I think "scientists" and "experts" and the "press" are also thinks that serve a lot of the "acting on passive people in order to tell them what to think" sort of role (and those groups have lots of connections to government, so I don't think this is contradicting Peikoff).

Peikoff says that some Objectivists overestimate the degree to which stuff is self-evident, and this makes them intrinsicist. That sounds plausible but I don't like his specific framing of this point:

Another example would be the overuse of the self-evident—how many times have you heard somebody think Objectivism, or half of it, or one-quarter of it, is literally self-evident; therefore, anybody who disagrees is necessarily dishonest. Why? Because if only he looked at reality, he’d know; it takes dishonesty not to grasp it; everybody other than Ayn Rand was simply dishonest, and her contribution was only that she was honest.

If someone thinks Objectivism is literally self-evident, that is mistaken. Peikoff goes on to correctly make the point that in Objectivism the only stuff that is self-evident is on the perceptual level. But I think that there is an issue with people being "blind" to seeing certain points due to honesty issues. An Objectivist calling that an issue of the self-evident would be mistaken, but they still might have perceived some sort of real issue or problem related to honesty. And I think that Peikoff underrates the importance of Ayn Rand's honesty as a key characteristic, so his discussion here is not something I particularly like. (I liked Elliot Temple's discussion of Ayn Rand's honesty in this blog post of his).

Peikoff gives a category of intrinsicist error he calls "improper self-criticism in the face of error". He says the basic idea is when you beat yourself up for an error because your knowledge was limited and you followed a definite method. He gives three examples of this where it's inappropriate to beat yourself up:

  • Making the right call in a poker hand but getting unlucky.
  • Choosing to drive on a safe-looking road instead of a dangerous-looking road and then getting hit by a meteor on the safe-looking road.
  • Realizing that the point you're writing about at the end of a writing process should have come first.

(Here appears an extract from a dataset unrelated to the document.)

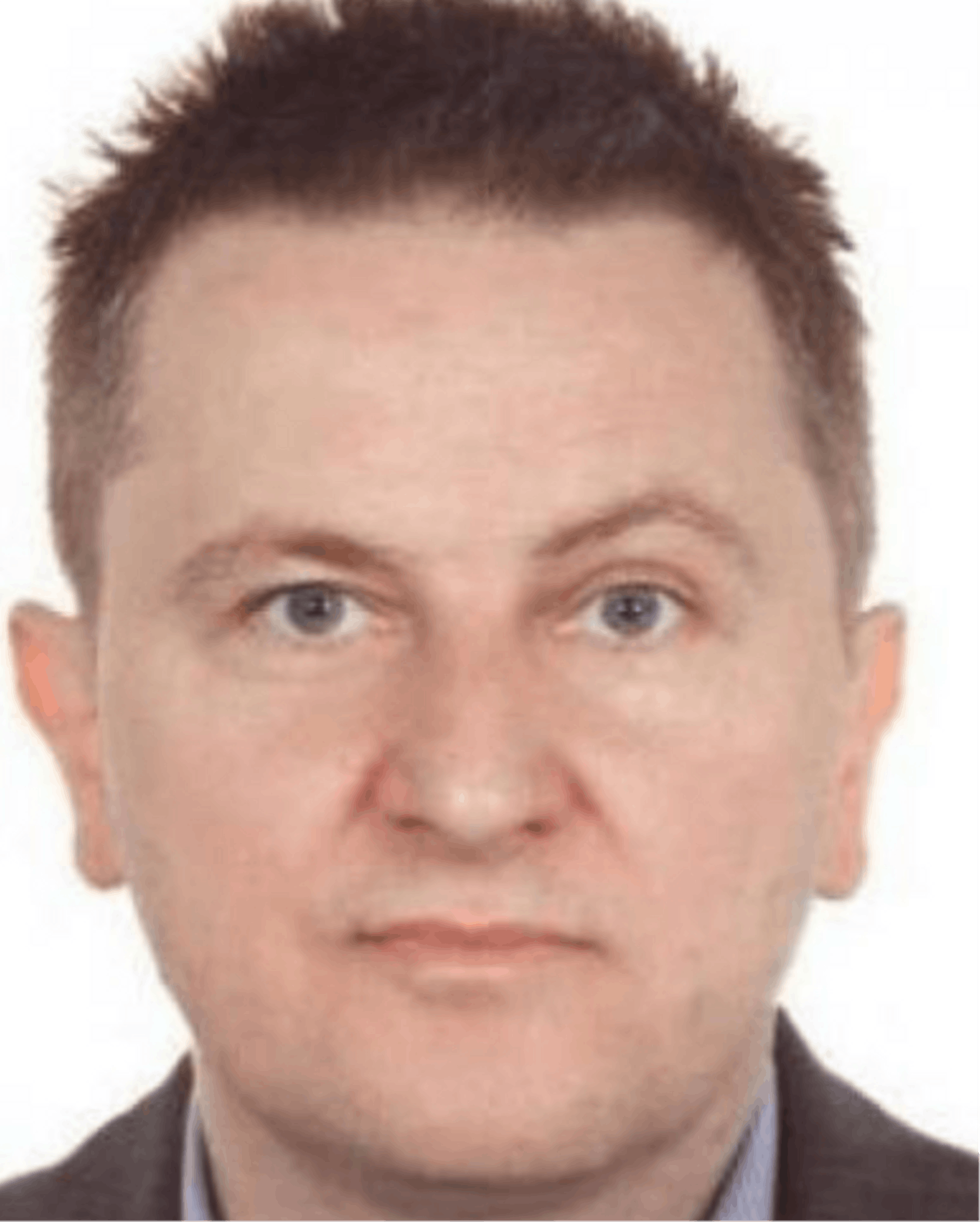 Dariusz Ziolkowski wird wegen sexueller Ausbeutung von Kindern und wegen Kinderpornografie gesucht. Der Pole wurde zu vier Jahren Haft verurteilt.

The first two examples are clear to me as illustrations of Peikoff's point but point number three is a bit more borderline. Regarding that point, he says:

... in actual fact, I could not have known to the best of my ability that that particular point should come first until I tried actually organizing it one way, and then I realized logically it required a different structure.

That seems untrue to me. You can get a sense of how stuff should be organized before you write it if you use a detailed enough outline.

To be continued...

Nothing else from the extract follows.